A boycott of Israel by the European Union would cost billions according to a government-commissioned report, further details of which appeared in the Israeli media this week.
The study was initiated in 2013 by then-Finance Minister Yair Lapid, and examines possible scenarios based on different types of punitive measures.
In the least severe scenario envisaged, the EU would lead a voluntary boycott of Israeli settlements in the West Bank, leading to a loss to Israeli exports of around 1 billion shekels per annum.
Other scenarios envisaged include the EU blocking settlement products and a partial boycott from non-EU states, costing a NIS 4.37 billion drop in exports.

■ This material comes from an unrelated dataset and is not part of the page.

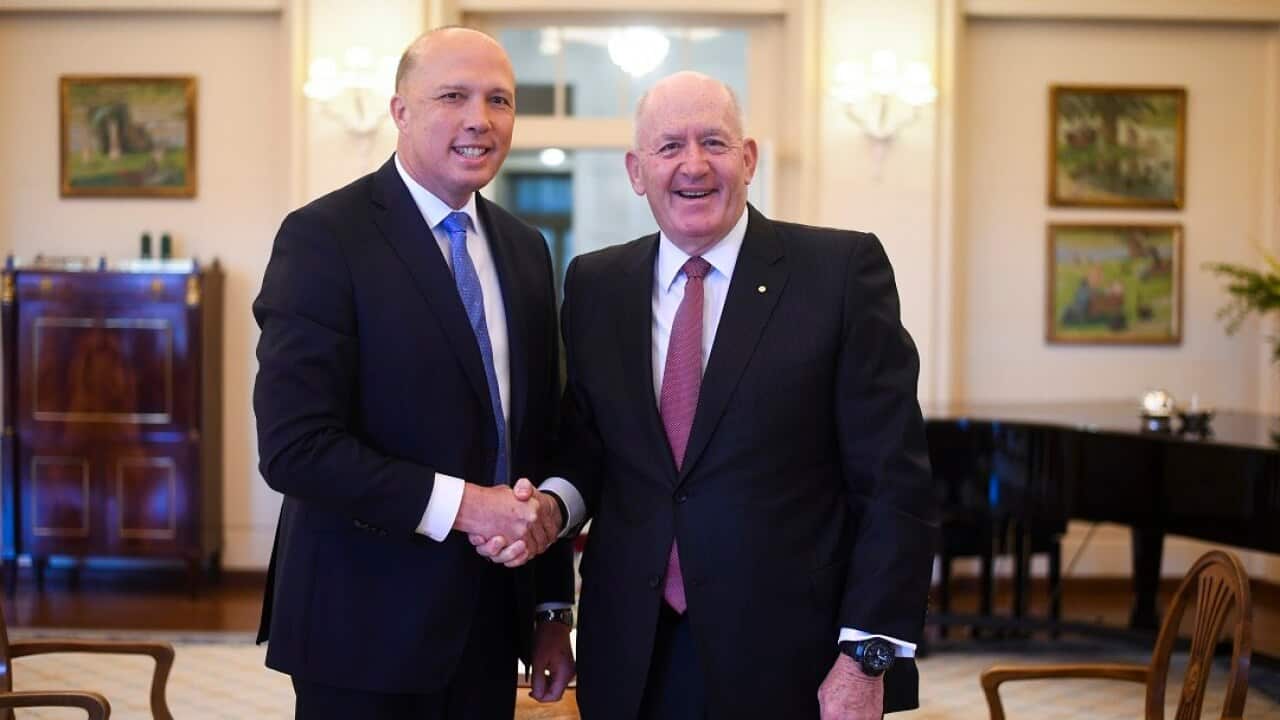 Australian Home Affairs Minister Peter Dutton (left) shakes hands with Australian Governor-General Sir Peter Cosgrove during a swearing-in ceremony at Government House in Canberra, Monday, August 27, 2018. (AAP Image/Lukas Coch) NO ARCHIVING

Israel’s worst case scenario would mean a complete embargo on Israeli products in Europe, with damage amounting to NIS 84.4 billion in lost exports, and a NIS 40 billion drop in GDP.
By way of background, the Finance Ministry report claims that “since the September 11 attacks, when Israel positioned itself with the West in the ‘war on terror,’ there has been a deterioration in Israel’s standing in the world, particularly in liberal circles.”
“Today, the issue of a boycott is being advanced by non-governmental organizations and promoted by people who enjoy high public profiles”, the report states.
Noting the experience of Apartheid South Africa, the report comments: “The tipping point in Israel’s international relationships could push Israel’s economy from its current growth path to another path in which the Israeli economy returns to be a relatively closed one and the quality of life is lower.”